[Collection entries]
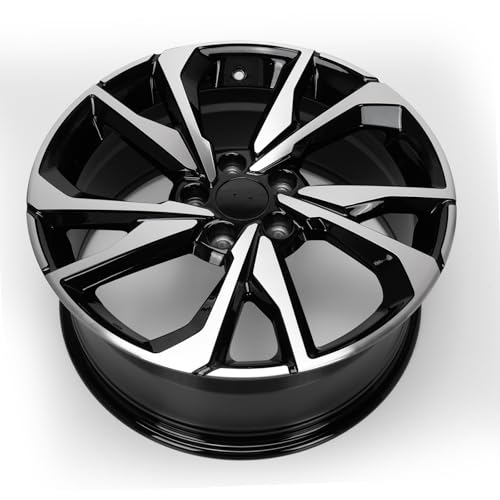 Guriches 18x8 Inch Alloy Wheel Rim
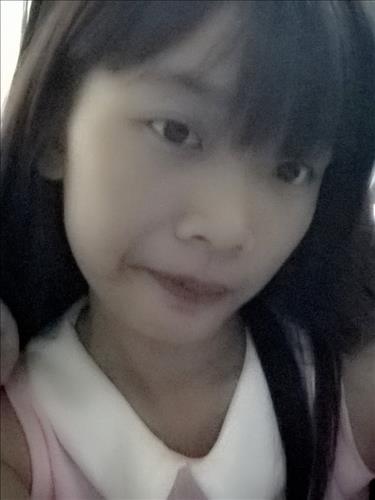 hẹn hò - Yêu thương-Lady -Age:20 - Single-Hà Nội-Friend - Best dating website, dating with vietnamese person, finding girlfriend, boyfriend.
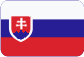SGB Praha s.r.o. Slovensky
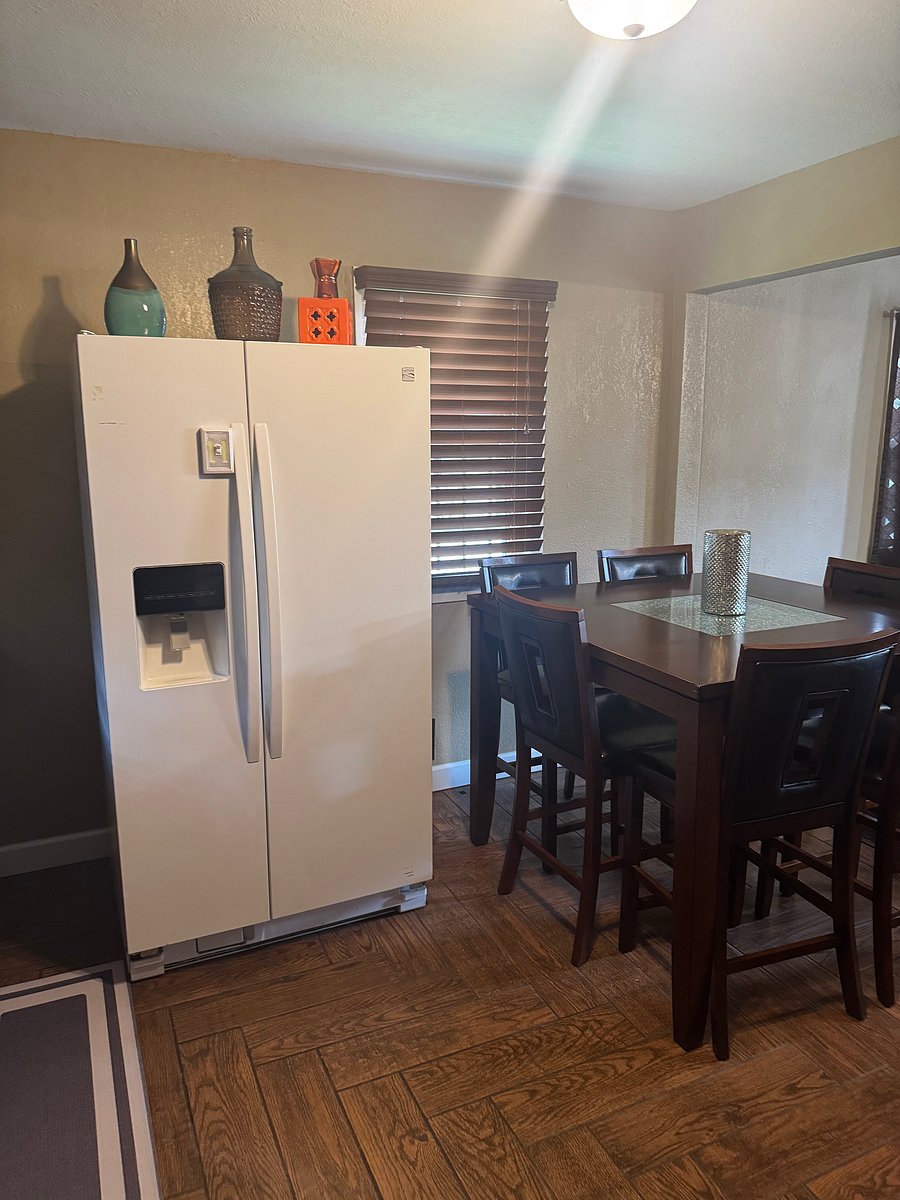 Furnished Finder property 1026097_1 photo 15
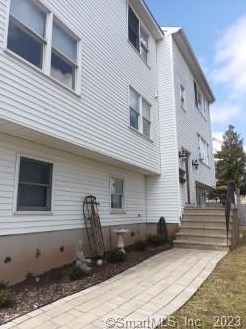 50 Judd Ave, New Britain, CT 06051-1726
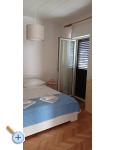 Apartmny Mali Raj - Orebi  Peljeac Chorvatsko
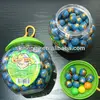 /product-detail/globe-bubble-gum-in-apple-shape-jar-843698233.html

* TASK TO CARRY OUT: All entries should be reproduced exactly; no picture belongs in the result.

* OUTPUT OF THE TASK:
 Guriches 18x8 Inch Alloy Wheel Rim
 hẹn hò - Yêu thương-Lady -Age:20 - Single-Hà Nội-Friend - Best dating website, dating with vietnamese person, finding girlfriend, boyfriend.
SGB Praha s.r.o. Slovensky
 Furnished Finder property 1026097_1 photo 15
 50 Judd Ave, New Britain, CT 06051-1726
 Apartmny Mali Raj - Orebi  Peljeac Chorvatsko
 /product-detail/globe-bubble-gum-in-apple-shape-jar-843698233.html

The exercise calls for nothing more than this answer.